I have finally come to a place in my life where I can’t escape that I really don’t have all the time in the world. Heck, I could die in my sleep. Maybe I should make a mantra out of that, as that sounds so nice and easy. OK; I can see that my mind is really tripping around that idea (death) now; slow down, slow way, way down. It’s not imminent. At least I don’t think it is.
I wanted to explain. I’ve had some galling repetitiveness around some key areas of my life not being where I want them to be. They just may strike a chord with you, too.
For the most part, I enjoy reading back over my writings over the course of my life. Usually that is in journal form of some sort, though not always. There are those times, however, when the refrain is all too sad, all too familiar, in its reminder that I have sought respite in the same three main areas of my life, year after year after unrelenting year. I confess; I just made a cursory effort to learn what the most searched topics online are, thinking that surely they would be the same as my unresolved and unsolved problem areas.
No, Kim Kardashian and other similar pop culture topics completely dominate the top twenties search lists. So, perhaps you won’t be interested then.

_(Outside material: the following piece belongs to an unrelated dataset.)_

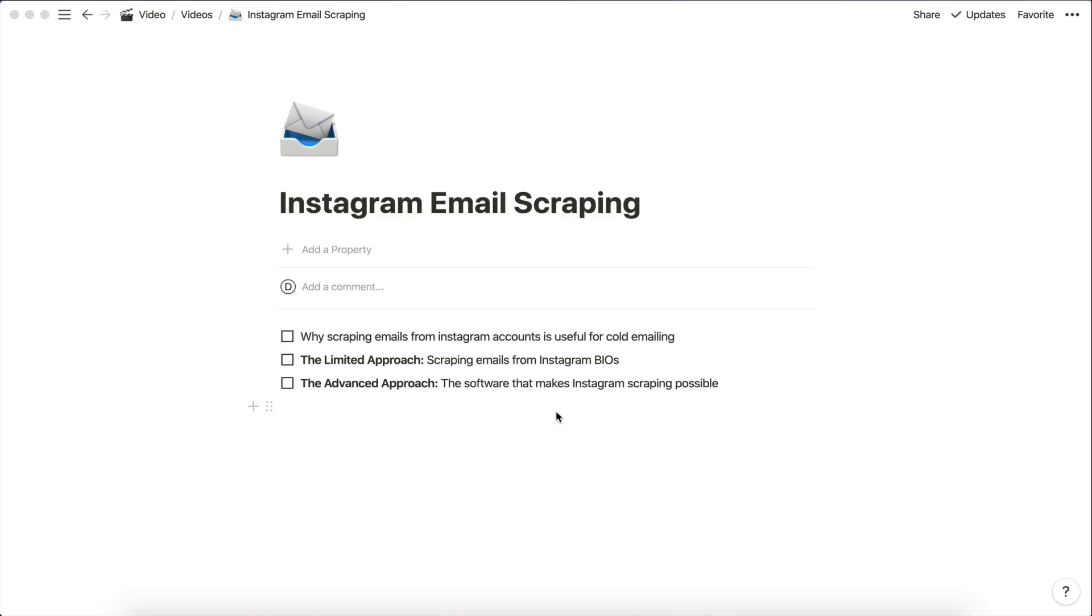Right guys, so Instagram email scraping is the topic for today and I'm really excited for this video because this is something that I've been working on for over a year now. This video is going to be really useful for all those of you who are into cold emailing. If you're selling your products, if you're getting leads for your business through cold emailing, then this is something I believe that you're going to benefit from.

Nonetheless, I wish I had some kind of “feeler” that would tell me how many of you have the same top three areas of interest, of flail, of wails and tears. And, I hope someday to have some idea how many of you will rejoice in my sharing my turnarounds with them. Dumbed way down, the three are money, relationship, weight.
This tab in my excel workbook is entitled “Manifest Loving My Life” so to get my vibration up from all I’ve written above, I’m going to stop here and move about. Feel free to take a snack break. Enjoy!